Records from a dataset
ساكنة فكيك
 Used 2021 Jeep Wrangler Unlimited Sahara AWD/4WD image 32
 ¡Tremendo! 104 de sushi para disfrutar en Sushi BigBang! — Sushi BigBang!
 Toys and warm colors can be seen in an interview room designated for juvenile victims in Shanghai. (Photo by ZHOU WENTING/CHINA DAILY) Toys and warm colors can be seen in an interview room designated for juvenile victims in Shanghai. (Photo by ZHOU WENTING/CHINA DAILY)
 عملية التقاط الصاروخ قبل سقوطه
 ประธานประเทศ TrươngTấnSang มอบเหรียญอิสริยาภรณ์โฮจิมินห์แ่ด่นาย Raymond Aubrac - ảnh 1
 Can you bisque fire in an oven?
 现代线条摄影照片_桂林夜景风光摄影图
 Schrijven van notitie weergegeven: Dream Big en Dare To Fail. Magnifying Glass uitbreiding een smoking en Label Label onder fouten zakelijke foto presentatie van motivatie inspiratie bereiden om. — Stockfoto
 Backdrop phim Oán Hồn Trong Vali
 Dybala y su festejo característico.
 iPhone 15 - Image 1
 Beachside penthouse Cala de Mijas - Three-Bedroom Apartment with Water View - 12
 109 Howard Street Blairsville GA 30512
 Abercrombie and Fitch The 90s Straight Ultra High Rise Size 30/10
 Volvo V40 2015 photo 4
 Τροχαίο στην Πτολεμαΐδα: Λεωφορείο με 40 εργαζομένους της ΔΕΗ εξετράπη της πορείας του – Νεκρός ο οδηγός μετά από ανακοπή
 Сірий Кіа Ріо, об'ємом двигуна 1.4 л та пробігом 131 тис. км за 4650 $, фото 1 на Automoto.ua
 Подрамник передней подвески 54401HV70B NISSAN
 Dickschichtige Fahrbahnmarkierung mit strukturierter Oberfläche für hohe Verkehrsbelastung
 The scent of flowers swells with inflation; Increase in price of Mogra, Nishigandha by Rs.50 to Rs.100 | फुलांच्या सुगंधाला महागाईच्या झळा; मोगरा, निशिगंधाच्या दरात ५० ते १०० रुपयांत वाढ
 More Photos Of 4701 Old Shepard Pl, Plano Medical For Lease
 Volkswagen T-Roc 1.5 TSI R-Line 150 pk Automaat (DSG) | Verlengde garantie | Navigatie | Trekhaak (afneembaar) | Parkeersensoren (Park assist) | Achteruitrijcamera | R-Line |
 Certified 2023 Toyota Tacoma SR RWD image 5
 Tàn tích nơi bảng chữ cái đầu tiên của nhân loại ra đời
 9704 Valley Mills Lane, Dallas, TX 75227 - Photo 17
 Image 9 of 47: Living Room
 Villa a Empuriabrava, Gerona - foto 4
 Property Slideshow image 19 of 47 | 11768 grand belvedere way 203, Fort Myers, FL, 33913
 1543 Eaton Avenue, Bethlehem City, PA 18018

■ Your assignment
Output the data above exactly, please, line for line.

■ Worked solution
ساكنة فكيك
 Used 2021 Jeep Wrangler Unlimited Sahara AWD/4WD image 32
 ¡Tremendo! 104 de sushi para disfrutar en Sushi BigBang! — Sushi BigBang!
 Toys and warm colors can be seen in an interview room designated for juvenile victims in Shanghai. (Photo by ZHOU WENTING/CHINA DAILY) Toys and warm colors can be seen in an interview room designated for juvenile victims in Shanghai. (Photo by ZHOU WENTING/CHINA DAILY)
 عملية التقاط الصاروخ قبل سقوطه
 ประธานประเทศ TrươngTấnSang มอบเหรียญอิสริยาภรณ์โฮจิมินห์แ่ด่นาย Raymond Aubrac - ảnh 1
 Can you bisque fire in an oven?
 现代线条摄影照片_桂林夜景风光摄影图
 Schrijven van notitie weergegeven: Dream Big en Dare To Fail. Magnifying Glass uitbreiding een smoking en Label Label onder fouten zakelijke foto presentatie van motivatie inspiratie bereiden om. — Stockfoto
 Backdrop phim Oán Hồn Trong Vali
 Dybala y su festejo característico.
 iPhone 15 - Image 1
 Beachside penthouse Cala de Mijas - Three-Bedroom Apartment with Water View - 12
 109 Howard Street Blairsville GA 30512
 Abercrombie and Fitch The 90s Straight Ultra High Rise Size 30/10
 Volvo V40 2015 photo 4
 Τροχαίο στην Πτολεμαΐδα: Λεωφορείο με 40 εργαζομένους της ΔΕΗ εξετράπη της πορείας του – Νεκρός ο οδηγός μετά από ανακοπή
 Сірий Кіа Ріо, об'ємом двигуна 1.4 л та пробігом 131 тис. км за 4650 $, фото 1 на Automoto.ua
 Подрамник передней подвески 54401HV70B NISSAN
 Dickschichtige Fahrbahnmarkierung mit strukturierter Oberfläche für hohe Verkehrsbelastung
 The scent of flowers swells with inflation; Increase in price of Mogra, Nishigandha by Rs.50 to Rs.100 | फुलांच्या सुगंधाला महागाईच्या झळा; मोगरा, निशिगंधाच्या दरात ५० ते १०० रुपयांत वाढ
 More Photos Of 4701 Old Shepard Pl, Plano Medical For Lease
 Volkswagen T-Roc 1.5 TSI R-Line 150 pk Automaat (DSG) | Verlengde garantie | Navigatie | Trekhaak (afneembaar) | Parkeersensoren (Park assist) | Achteruitrijcamera | R-Line |
 Certified 2023 Toyota Tacoma SR RWD image 5
 Tàn tích nơi bảng chữ cái đầu tiên của nhân loại ra đời
 9704 Valley Mills Lane, Dallas, TX 75227 - Photo 17
 Image 9 of 47: Living Room
 Villa a Empuriabrava, Gerona - foto 4
 Property Slideshow image 19 of 47 | 11768 grand belvedere way 203, Fort Myers, FL, 33913
 1543 Eaton Avenue, Bethlehem City, PA 18018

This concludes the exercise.